Localized objects appear in two places:

  1. Core metadata: The visual.object.localized detection (with label, occurrences, etc.) appears in the detections structure and in by_second and by_detection_type groupings.
  2. seconds_objects metadata (or frames_objects metadata): Contains the per-second (or per-frame) bounding box coordinates for these detections.

The split design keeps the Core metadata file manageable in size while providing precise spatial data in a separate download.

Downloading Localized Object Coordinates

Seconds-Based (seconds_objects)

curl "https://api-eu.valossa.com/core/1.0/job_results?api_key=YOUR_API_KEY&job_id=JOB_ID&type=seconds_objects"

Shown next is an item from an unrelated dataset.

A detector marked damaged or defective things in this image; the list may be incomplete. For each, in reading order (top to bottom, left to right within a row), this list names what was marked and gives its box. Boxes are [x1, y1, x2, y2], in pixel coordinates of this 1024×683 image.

Frames-Based (frames_objects)

curl "https://api-eu.valossa.com/core/1.0/job_results?api_key=YOUR_API_KEY&job_id=JOB_ID&type=frames_objects"

seconds_objects Structure

The objects_by_second array is indexed by second number (0-based). Each second contains an array of detection items.

{
"version_info": { "metadata_type": "seconds_objects", ... },
"objects_by_second": [
[],
[],
[
{
"d": "137",
"o": ["314"],
"b": [
{
"x": 0.267,
"y": 0.747,
"w": 0.081,
"h": 0.066,
"c": 0.995
},
{
"x": 0.498,
"y": 0.669,
"w": 0.081,
"h": 0.069,
"c": 0.984
}
]
}
]
]
}

Detection Item Fields

FieldDescription
dDetection ID (references the visual.object.localized detection in Core metadata)
oArray of occurrence IDs overlapping with this second
bArray of bounding boxes for this detection in this second

Bounding Box Fields

FieldDescription
xX offset of the upper-left corner (fraction of frame width)
yY offset of the upper-left corner (fraction of frame height)
wWidth (fraction of frame width)
hHeight (fraction of frame height)
cConfidence of the detection at this bounding box location

All coordinate values are relative to the frame size (0.0 to 1.0). Values may be slightly outside this range when an object is partially off-screen.

Multiple Bounding Boxes

A single detection can have multiple bounding boxes in the same second. For example, if two instances of the same logo appear simultaneously in the frame, the b array will contain two bounding box objects.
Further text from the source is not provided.